Perhaps the most important difference we can make in the world is being faithful to what God has put in front of us—what he has called us to, for this very moment. It might not be what we’d planned or hoped or dreamed. But it will be good, meaningful work.
Maybe you, like me, have a family member to care for, to put their needs ahead of yours. My world right now is the little two bedroom condo I share with my mom, down the road from the church in which I was baptized as an infant. My world is quiet, slow coffee in the next room over from mom. It’s driving her to work in the morning and picking her up when she’s ready to come home. It’s waiting in line outside of Trader Joe’s in the heat, in a mask, to buy groceries and cook dinner for her. We eat together and cry together and laugh together. We FaceTime my brother and make sure we’ve filled out his college forms, doing things that my dad used to be in charge of. We sit on the porch at the end of the day, sipping wine, watching the sunset, listening to the cicadas in the late summer humidity. We watch an episode of BBC and go to bed. We wake up in the morning and do it again.

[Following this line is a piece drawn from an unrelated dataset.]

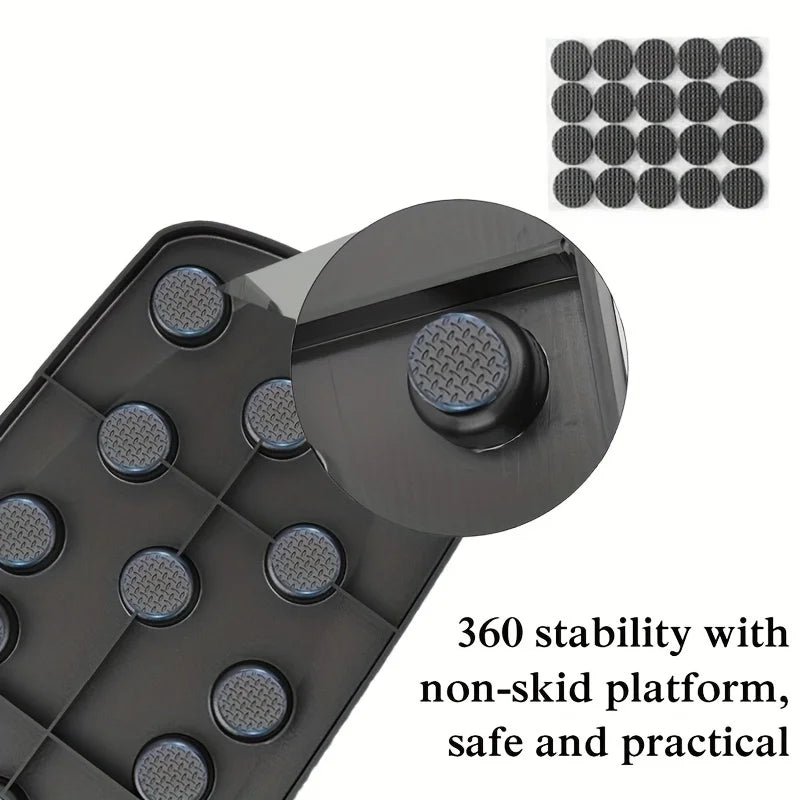 Portable Multifunctional Push-up Board Set – Foldable Fitness Equipment for Full-Body Training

And especially in this new COVID-lockdown world, as people struggle to make ends meet and provide for their families, there is still good work to do in the community. For me, this past spring, that was dropping off groceries, once or twice a week, to struggling families in lower income neighborhoods, through a pop-up pantry that two women at my church started. This was one of the first things that brought me out of quarantine, self-centered mode in May. But, if you can’t give time, you may still have resources to give to food pantries or homeless shelters.

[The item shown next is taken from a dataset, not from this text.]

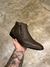 Botina Anatomicgel Ultraleve Dark Brown Couro Legítimo 8670 na internet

As the days and months of this new life have passed, God has surprised both me and my mom. He’s met us in our pain and need as we read scripture and pray in the mornings. He’s provided for us in ways we couldn’t have prayed for because the answers weren’t even on our horizons of possibility. He’s given us little joys, ways to serve, and gifts that remind us he still sees and cares for our personal longings.
Our Lord has been working for us in the waiting. The waiting isn’t over, but I’m finding that the longer I’ve practiced waiting—the more time I’ve spent seeking the face of Jesus, the more time that I take making big decisions, and the more time that I practice faithfulness in the responsibilities he’s given to me—the more endurance I have. I hope that you, even if you’re in a life circumstance you would never have chosen, will find peace and a deeper joy as you wait. Whether it takes months or years for your desires to be fulfilled, or if they never come to pass, God is still there with you. He still loves you and wants you to find your purpose, and your milestones, in His calling to love and serve others.